▶ **Data section**:
============

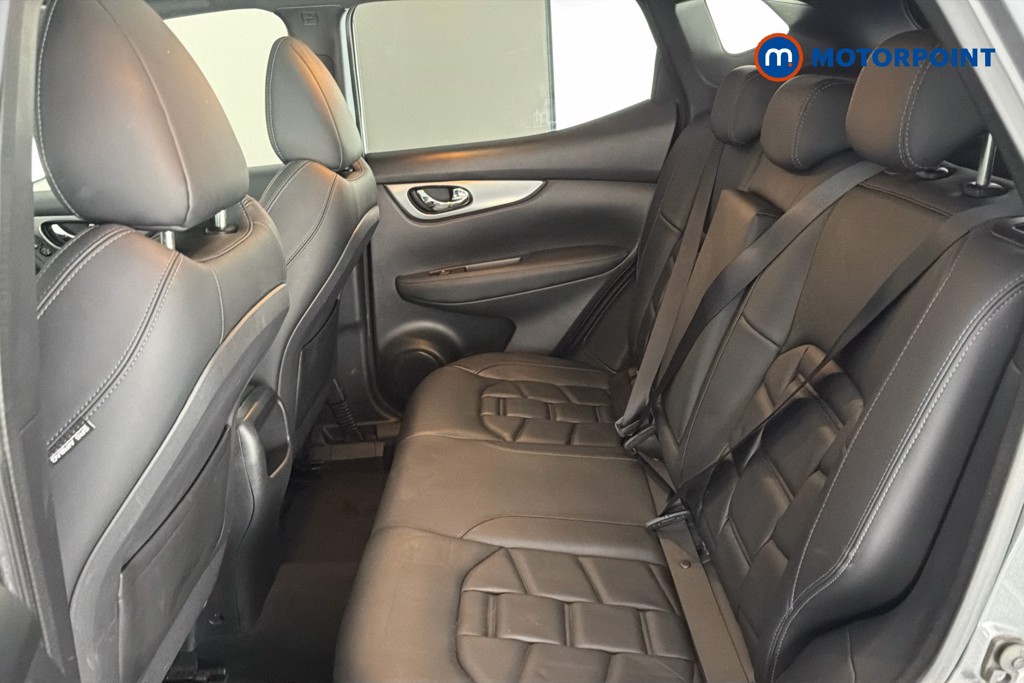 Used Nissan Qashqai 2018 for sale - 78012190: Photo 28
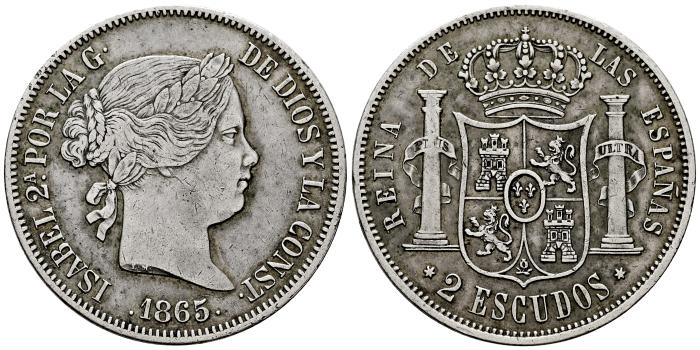 Monarquía Española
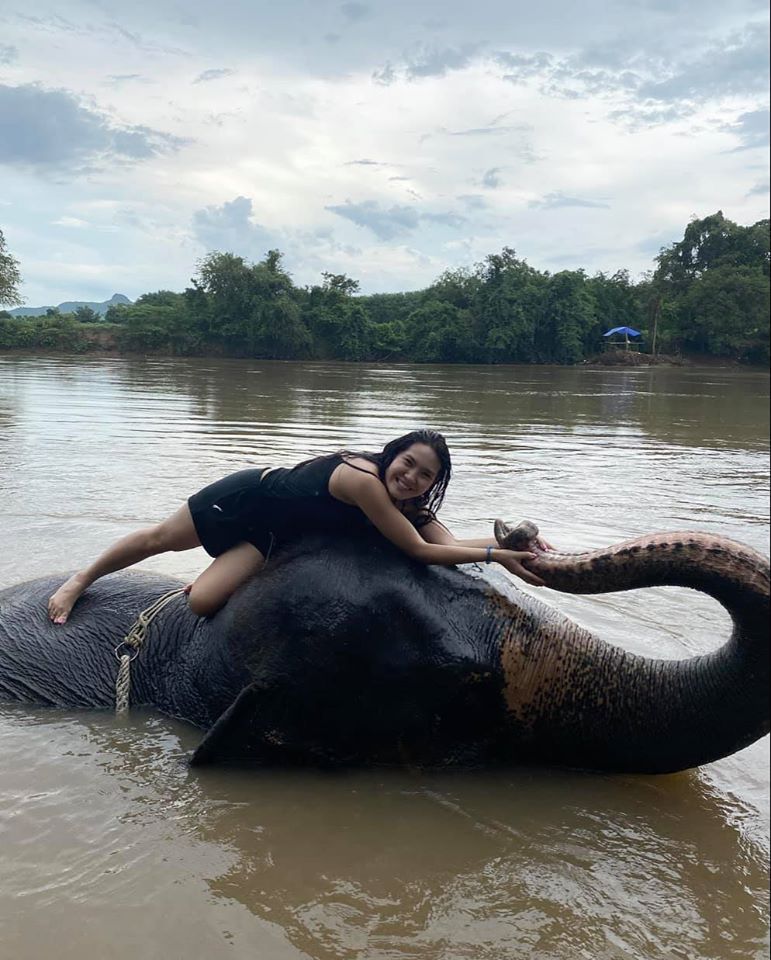 บอลลูน พินทุ์สุดา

============

▶ **What is expected**:
Only the pictures stay behind; everything else in the data above is to be retyped exactly.

▶ **Task output**:
 Used Nissan Qashqai 2018 for sale - 78012190: Photo 28
 Monarquía Española
 บอลลูน พินทุ์สุดา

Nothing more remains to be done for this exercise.